For starters, finding a singer was rough. Even when I found singers, the recordings ran into difficulties, from microphone issues to recording quality. At one point I wanted to scrap the song altogether, but being the stubborn person I am, I took matters into my own hands and sang it myself. This decision to wrestle with destiny sparked my year-long training as a singer(1).

In the beginning, my motivation to learn singing stemmed purely from anger. I was just so angry, angry at being let down, time and time again. I repeated to myself, “I’m never letting this happen again” and just started singing. Honestly being let down happens often. Relying on people is a risky thing. Following through is such a rarity in this day and age. I’ve found it to be worse in the music industry. It’s almost a meme at this point where producers have hard drives full of half-completed songs and no completed ones.

At the end of it all, I let out a heavy sigh. At last it is done. It doesn’t matter if I crawled to the finish line for this one. What mattered is that I crossed the line.


Another vital decision was the musical key. If I wanted octave doubles and have a male singer on the track, the key needed to be between C and D# major. Octave jumping in this key is comfortable for most male singers. If you ever listen to pop rock songs of the early 2010’s, a lot of songs were written in this range because the singers then octave jump, creating those iconic, big choruses reminiscent of the era(3).

The song originally had a second verse too. Ask any songwriter and they’ll tell you second verses are the worst. They come after a hook and need to preserve the audience’s attention after a peak in energy. Most people listen up to the first chorus and then skip. To avoid boredom, naturally one would want to add variation but add too much and you risk the verse sounding bridge. It’s a balancing act and for this reason second verses are a delicate part of an arrangement.

In all honesty, I couldn’t pull off a second verse in EMM. Everything I wrote was boring or too wild. So what did I do? I just deleted it. Yeah super lazy I know.


For EMM, I tried my best to stay away from standard samples, like ‘Future Bass Drums’ or ‘Hip Hop Pianos’. A lot of the percussion elements were foley sounds that I downloaded from YouTube videos or recorded from the outside world. In particular, the intro has sounds from the BART and the Coex shopping mall in Seoul. I also borrowed sounds from other genres like hip hop, latin, industrial rock and so much more. This gave the song a nice texture because it’s using sounds that only I have.

In most of my drops, I use an upfront lead but this time I relied heavily on rhythm to carry the energy. The drop is just a bunch of chords playing a rhythm and that was enough to keep things interesting. A production duo by the name of GroovyRoom once said that an instrumental should be 50% percussion, 30% bass and 20% everything else. I thought it was a little crazy but now I realize how important the rhythm section is. I mean there’s even a genre called drum and bass. Those two elements combined is enough to create a full song.

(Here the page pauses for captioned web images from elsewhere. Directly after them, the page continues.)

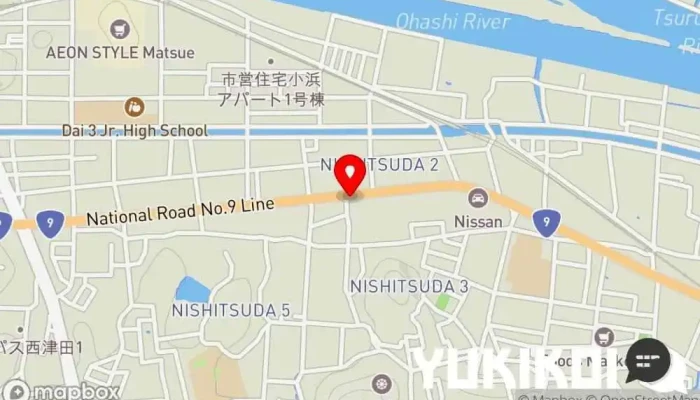 の地図 ココス 松江西津田店 ファミリー レストラン, 朝食レストラン, フレンチステーキハウス, ピザ店 で 松江市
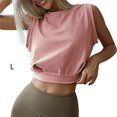 thumbnail image 4 of Minnieouse Top corto sin mangas para mujer, camiseta básica de Color sólido con cuello para correr, ropa de verano para fiesta, oficina, Prendas para la parte del cuerpo Rosa L Minnieouse AP011025-11, 4 of 5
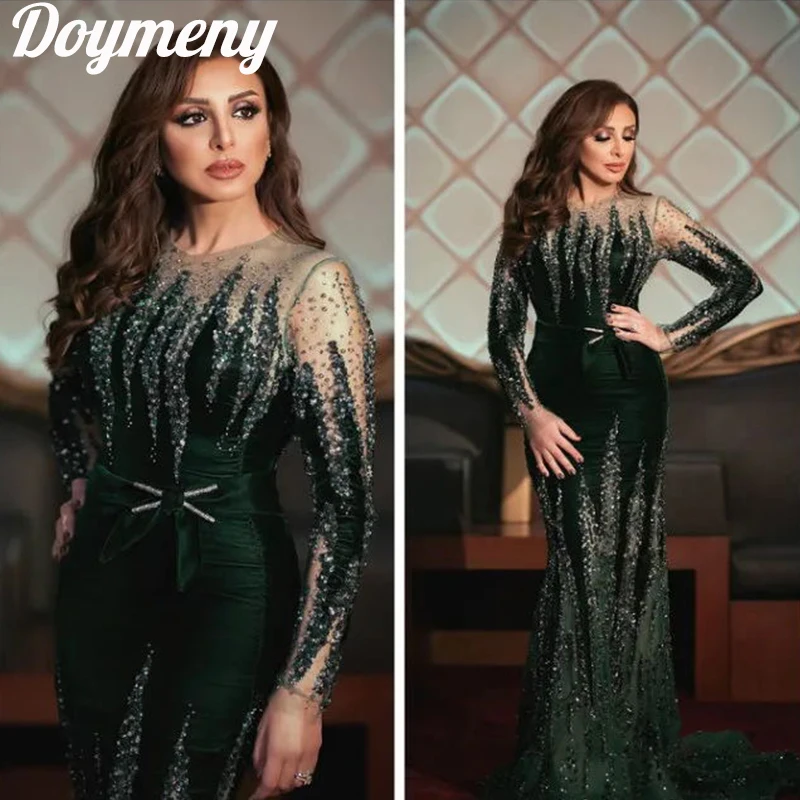 

Doymeny Luxury Prom Dress for Women Beaded O-neck Mermaid Cocktail Formal Evening Party Gown vestido gala فساتين للحفلات الراقص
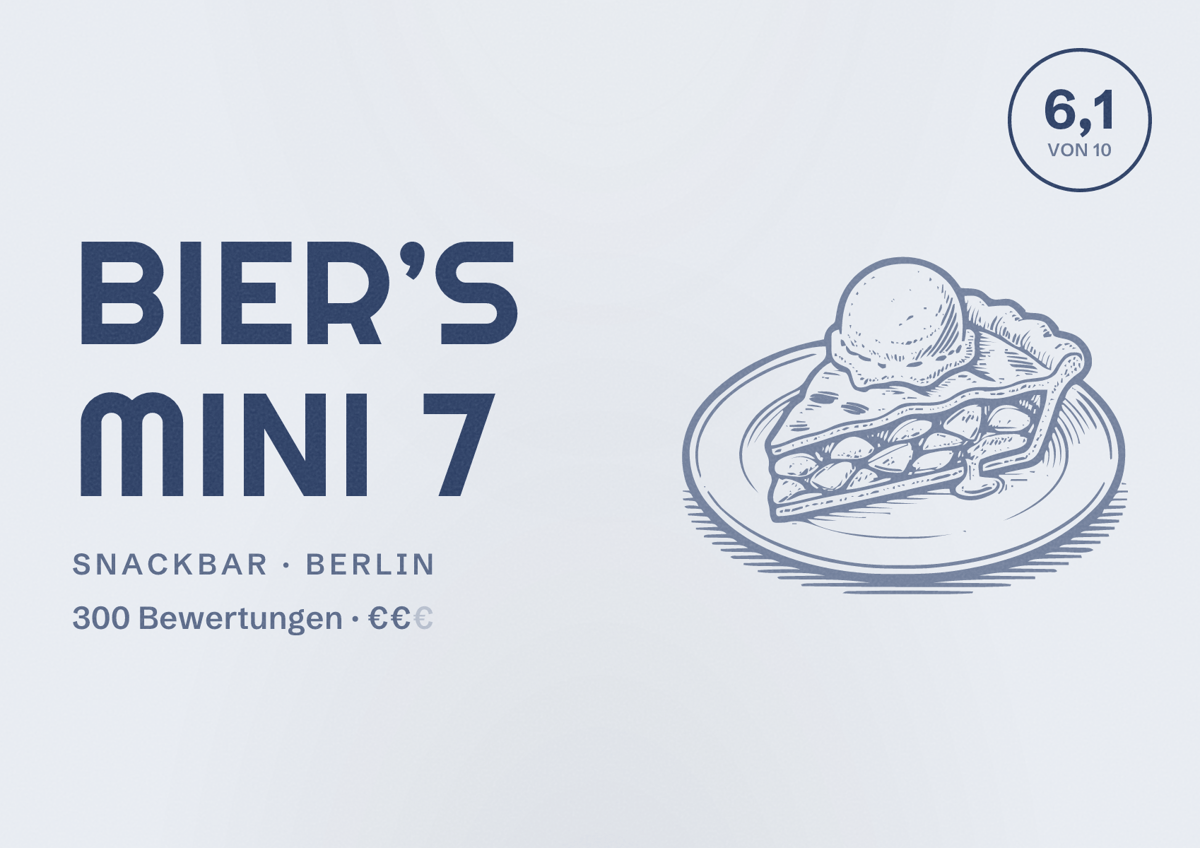 Illustriertes Poster von Bier’s Mini 7, Snackbar in Berlin: Bewertung 6,1 von 10 aus 300 Bewertungen, Preisniveau €€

The final drop is probably the most unique part of the song. I wanted to pull a BLACKPINK and have two disjoint and jarring sections. I swapped out all the percussion samples, bass synth and carried over only a few elements.. I added wild pitch bends to the bass (a la Why Not by Loona) and the drop came to life. There honestly wasn’t much thought in this part other than getting the sounds to f!@#ing hit!


  1. I officially finished my training this month and will be singing covers and originals soon. I’m super excited!